Task instructions >>
Determine how many of the lines below hold the word "Image". Give the number and nothing else.

*** Material for this exercise ***

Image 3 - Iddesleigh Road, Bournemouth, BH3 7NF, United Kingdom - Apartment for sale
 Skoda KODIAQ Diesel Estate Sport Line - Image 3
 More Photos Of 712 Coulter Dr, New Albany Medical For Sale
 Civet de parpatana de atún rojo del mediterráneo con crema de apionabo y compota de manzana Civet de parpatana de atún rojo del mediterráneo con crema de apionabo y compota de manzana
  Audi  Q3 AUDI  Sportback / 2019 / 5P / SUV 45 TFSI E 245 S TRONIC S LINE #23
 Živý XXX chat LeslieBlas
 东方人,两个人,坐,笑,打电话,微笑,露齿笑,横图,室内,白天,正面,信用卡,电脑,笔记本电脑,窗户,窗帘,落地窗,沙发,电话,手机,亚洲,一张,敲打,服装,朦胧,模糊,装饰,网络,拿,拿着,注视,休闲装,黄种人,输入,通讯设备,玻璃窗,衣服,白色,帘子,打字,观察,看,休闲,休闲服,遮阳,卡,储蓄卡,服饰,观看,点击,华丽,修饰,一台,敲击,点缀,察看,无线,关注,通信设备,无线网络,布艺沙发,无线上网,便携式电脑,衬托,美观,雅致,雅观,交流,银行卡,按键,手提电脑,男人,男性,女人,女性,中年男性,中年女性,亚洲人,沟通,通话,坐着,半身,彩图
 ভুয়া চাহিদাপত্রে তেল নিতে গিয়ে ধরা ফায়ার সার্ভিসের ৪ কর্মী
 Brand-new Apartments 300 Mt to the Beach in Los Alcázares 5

***

Task result >>
2